SUPPLIED RECORDS:
# # # #
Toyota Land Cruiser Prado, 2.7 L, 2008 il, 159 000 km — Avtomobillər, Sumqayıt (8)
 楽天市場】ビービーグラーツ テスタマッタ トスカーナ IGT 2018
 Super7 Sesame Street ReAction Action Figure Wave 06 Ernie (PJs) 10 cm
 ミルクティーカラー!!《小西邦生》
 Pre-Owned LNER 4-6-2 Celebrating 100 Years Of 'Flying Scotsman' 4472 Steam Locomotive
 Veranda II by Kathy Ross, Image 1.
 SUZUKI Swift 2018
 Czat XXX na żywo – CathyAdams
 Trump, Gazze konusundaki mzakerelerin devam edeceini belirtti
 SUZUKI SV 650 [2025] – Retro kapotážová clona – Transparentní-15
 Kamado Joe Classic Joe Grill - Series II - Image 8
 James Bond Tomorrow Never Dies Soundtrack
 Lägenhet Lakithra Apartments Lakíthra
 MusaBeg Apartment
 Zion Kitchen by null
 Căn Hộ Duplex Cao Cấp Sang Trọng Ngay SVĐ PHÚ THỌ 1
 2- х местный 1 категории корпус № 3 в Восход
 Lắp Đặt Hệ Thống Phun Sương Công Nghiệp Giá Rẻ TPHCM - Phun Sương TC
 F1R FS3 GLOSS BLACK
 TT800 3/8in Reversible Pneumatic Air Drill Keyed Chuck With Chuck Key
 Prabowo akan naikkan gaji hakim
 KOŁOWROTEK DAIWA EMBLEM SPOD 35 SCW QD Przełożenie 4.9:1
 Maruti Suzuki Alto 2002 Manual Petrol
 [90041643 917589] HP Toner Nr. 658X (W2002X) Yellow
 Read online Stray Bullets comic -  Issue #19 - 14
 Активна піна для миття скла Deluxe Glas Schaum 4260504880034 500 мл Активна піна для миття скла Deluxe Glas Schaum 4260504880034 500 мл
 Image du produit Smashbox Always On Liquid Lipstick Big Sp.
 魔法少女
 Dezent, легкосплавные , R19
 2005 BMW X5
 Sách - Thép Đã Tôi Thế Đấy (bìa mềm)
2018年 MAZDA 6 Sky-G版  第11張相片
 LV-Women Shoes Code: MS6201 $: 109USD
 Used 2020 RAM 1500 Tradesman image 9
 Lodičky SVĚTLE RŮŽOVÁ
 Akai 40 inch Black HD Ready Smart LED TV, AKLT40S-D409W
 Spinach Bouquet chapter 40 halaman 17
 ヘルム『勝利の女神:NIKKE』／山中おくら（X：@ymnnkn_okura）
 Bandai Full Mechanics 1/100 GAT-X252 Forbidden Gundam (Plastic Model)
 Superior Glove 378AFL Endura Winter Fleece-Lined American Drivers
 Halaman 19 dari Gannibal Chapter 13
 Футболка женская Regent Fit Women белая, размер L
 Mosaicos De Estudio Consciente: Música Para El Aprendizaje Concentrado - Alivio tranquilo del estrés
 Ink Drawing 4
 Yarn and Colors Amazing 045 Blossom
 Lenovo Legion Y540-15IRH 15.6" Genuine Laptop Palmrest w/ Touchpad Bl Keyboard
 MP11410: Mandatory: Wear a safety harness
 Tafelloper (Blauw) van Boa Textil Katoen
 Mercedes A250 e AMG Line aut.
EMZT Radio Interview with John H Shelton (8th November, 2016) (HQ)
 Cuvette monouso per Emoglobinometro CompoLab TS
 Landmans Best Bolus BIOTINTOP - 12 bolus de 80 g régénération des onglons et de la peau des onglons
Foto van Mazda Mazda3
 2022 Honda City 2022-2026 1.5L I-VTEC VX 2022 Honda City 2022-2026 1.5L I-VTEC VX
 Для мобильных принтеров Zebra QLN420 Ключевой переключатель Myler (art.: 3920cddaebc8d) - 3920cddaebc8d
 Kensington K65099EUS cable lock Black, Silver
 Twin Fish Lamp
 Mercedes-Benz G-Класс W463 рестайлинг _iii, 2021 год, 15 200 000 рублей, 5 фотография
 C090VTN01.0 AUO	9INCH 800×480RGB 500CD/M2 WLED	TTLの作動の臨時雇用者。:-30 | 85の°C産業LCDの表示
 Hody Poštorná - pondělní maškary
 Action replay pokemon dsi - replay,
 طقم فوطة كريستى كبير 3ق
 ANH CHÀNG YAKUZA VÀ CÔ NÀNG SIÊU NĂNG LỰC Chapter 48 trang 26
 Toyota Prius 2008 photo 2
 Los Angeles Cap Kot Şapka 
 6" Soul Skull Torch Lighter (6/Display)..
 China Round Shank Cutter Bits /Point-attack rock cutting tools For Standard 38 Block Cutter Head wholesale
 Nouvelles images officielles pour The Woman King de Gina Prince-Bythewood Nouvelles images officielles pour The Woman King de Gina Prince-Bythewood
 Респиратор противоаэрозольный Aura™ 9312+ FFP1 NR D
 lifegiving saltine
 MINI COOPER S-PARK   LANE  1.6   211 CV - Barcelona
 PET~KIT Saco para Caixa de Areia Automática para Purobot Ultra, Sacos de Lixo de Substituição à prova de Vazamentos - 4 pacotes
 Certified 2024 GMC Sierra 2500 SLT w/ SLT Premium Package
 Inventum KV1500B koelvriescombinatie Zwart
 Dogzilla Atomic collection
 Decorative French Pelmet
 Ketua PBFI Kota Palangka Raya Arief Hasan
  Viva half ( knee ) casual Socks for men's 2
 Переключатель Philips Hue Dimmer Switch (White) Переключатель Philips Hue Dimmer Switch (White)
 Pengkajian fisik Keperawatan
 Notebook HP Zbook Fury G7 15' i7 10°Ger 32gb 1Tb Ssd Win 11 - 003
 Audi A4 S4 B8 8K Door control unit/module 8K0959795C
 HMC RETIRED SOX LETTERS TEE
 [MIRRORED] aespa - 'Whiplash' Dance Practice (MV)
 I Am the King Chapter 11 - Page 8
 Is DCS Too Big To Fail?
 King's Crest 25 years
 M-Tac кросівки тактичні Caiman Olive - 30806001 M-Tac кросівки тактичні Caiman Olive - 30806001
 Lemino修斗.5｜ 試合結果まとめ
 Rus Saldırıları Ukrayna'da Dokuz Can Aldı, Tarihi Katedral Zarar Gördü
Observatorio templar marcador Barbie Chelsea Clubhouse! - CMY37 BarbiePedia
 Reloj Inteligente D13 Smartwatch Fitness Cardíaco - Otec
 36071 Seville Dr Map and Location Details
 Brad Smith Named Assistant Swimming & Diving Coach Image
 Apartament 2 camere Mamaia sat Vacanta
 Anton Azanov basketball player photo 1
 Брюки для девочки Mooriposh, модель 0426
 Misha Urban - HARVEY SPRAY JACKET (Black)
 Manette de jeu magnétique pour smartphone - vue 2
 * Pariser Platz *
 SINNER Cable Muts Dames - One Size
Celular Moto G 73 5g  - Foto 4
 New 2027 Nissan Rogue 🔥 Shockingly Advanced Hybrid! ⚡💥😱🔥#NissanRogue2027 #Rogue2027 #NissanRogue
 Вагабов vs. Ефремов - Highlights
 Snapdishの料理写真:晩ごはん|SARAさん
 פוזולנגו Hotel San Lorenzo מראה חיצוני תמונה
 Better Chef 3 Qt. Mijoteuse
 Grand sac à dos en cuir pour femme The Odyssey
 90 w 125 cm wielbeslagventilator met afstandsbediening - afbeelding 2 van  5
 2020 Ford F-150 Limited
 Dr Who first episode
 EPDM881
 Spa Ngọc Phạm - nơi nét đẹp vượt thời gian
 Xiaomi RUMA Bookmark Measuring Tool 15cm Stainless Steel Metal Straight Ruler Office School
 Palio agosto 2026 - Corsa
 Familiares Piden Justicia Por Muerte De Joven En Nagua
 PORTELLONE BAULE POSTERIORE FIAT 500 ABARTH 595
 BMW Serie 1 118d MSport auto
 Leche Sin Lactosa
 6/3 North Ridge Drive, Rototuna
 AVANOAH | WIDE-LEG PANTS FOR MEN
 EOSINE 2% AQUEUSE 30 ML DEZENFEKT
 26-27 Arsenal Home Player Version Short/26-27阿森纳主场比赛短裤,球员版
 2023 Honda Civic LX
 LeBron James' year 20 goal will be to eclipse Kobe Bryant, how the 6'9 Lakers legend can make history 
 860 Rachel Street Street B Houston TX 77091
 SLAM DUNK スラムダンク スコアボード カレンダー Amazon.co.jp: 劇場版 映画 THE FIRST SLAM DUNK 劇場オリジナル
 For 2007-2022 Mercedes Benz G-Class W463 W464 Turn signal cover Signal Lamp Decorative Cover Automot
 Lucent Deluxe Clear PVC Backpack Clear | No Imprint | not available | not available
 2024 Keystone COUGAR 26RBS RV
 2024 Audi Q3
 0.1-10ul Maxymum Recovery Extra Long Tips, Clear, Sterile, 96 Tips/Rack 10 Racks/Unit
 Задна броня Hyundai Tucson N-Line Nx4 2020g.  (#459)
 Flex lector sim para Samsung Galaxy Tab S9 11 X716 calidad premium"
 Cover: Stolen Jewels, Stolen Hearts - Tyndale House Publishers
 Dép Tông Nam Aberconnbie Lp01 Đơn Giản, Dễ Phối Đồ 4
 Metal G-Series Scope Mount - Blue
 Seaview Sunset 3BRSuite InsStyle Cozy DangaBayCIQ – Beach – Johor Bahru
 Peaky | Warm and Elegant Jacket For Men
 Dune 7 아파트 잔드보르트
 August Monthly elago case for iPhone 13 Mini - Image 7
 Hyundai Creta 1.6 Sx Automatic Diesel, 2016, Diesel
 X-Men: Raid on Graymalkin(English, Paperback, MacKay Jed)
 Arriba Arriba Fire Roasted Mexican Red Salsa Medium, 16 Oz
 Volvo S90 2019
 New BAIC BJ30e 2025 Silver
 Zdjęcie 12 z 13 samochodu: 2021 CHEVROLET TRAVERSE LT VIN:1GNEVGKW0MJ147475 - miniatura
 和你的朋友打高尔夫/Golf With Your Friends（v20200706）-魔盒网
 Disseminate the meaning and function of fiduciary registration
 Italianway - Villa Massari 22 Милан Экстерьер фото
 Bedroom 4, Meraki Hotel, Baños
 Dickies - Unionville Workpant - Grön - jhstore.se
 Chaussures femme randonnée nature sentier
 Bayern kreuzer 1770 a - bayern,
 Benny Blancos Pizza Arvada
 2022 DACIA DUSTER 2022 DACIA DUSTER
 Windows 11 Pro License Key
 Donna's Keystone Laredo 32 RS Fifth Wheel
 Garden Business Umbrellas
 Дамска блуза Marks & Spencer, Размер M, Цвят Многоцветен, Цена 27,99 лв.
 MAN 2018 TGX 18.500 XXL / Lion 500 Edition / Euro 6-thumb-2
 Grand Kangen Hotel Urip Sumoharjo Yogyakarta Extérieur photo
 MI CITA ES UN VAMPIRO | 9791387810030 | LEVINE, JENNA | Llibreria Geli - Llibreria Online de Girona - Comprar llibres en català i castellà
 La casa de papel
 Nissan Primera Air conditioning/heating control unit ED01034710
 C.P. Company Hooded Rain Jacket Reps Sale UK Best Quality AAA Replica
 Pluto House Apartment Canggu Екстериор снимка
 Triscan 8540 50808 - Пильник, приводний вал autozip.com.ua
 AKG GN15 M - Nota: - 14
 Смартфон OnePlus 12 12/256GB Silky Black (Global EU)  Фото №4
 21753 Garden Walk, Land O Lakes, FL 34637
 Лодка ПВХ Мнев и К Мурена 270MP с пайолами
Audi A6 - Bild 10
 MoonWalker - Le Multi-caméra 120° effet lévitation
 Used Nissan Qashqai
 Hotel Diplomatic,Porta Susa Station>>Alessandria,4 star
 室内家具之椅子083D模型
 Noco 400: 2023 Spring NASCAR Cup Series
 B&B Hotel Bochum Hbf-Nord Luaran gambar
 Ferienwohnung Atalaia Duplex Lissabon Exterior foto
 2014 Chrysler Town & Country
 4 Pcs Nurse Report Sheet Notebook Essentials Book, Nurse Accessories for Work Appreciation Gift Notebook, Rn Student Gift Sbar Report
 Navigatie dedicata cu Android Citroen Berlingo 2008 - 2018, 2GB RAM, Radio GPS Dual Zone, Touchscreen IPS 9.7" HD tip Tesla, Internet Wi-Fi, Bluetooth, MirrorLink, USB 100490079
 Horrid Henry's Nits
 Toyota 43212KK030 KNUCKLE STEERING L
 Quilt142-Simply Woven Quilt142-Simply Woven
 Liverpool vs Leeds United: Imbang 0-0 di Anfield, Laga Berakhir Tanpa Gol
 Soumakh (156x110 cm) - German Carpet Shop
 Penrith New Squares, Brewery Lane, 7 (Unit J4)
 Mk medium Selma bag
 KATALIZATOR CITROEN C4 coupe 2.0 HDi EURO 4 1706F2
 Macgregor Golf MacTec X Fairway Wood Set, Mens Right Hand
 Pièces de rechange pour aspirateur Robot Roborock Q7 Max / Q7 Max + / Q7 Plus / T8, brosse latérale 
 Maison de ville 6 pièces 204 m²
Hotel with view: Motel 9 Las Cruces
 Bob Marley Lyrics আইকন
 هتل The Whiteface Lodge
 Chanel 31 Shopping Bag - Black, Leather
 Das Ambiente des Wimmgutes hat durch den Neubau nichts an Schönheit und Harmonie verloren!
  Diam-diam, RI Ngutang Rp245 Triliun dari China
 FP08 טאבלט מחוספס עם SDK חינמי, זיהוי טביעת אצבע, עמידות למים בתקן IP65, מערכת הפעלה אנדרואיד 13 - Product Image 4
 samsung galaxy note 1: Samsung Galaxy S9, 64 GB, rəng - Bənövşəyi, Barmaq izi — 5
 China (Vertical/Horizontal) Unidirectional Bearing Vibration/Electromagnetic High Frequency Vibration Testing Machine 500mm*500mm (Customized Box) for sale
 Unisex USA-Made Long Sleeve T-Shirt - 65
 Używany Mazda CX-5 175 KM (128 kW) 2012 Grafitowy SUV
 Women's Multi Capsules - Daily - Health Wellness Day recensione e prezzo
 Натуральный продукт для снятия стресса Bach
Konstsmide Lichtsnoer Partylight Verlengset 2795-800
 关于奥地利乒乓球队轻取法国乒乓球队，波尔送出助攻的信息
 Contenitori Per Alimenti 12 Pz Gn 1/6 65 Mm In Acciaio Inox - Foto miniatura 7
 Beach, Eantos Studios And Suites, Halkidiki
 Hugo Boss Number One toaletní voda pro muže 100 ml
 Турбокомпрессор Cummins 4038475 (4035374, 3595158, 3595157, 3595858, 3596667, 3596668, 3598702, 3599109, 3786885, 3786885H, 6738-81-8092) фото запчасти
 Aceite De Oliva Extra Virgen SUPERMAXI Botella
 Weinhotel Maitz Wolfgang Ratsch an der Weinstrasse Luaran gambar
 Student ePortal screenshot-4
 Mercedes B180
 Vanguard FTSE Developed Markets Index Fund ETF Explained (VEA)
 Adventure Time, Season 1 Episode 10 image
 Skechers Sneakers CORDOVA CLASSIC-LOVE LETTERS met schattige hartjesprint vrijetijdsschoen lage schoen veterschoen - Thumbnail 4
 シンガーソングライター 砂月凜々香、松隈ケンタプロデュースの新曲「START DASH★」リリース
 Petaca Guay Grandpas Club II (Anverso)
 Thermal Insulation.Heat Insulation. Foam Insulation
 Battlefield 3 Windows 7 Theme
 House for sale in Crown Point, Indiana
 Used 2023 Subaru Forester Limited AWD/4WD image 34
# # # #
TRY IT: From the line containing "シンガーソングライター 砂月凜々香、松隈ケンタプロデュースの新曲「START DASH★」リリース" down to the last line of the records above, print every line exactly, with both ends kept.

RESULT:
 シンガーソングライター 砂月凜々香、松隈ケンタプロデュースの新曲「START DASH★」リリース
 Petaca Guay Grandpas Club II (Anverso)
 Thermal Insulation.Heat Insulation. Foam Insulation
 Battlefield 3 Windows 7 Theme
 House for sale in Crown Point, Indiana
 Used 2023 Subaru Forester Limited AWD/4WD image 34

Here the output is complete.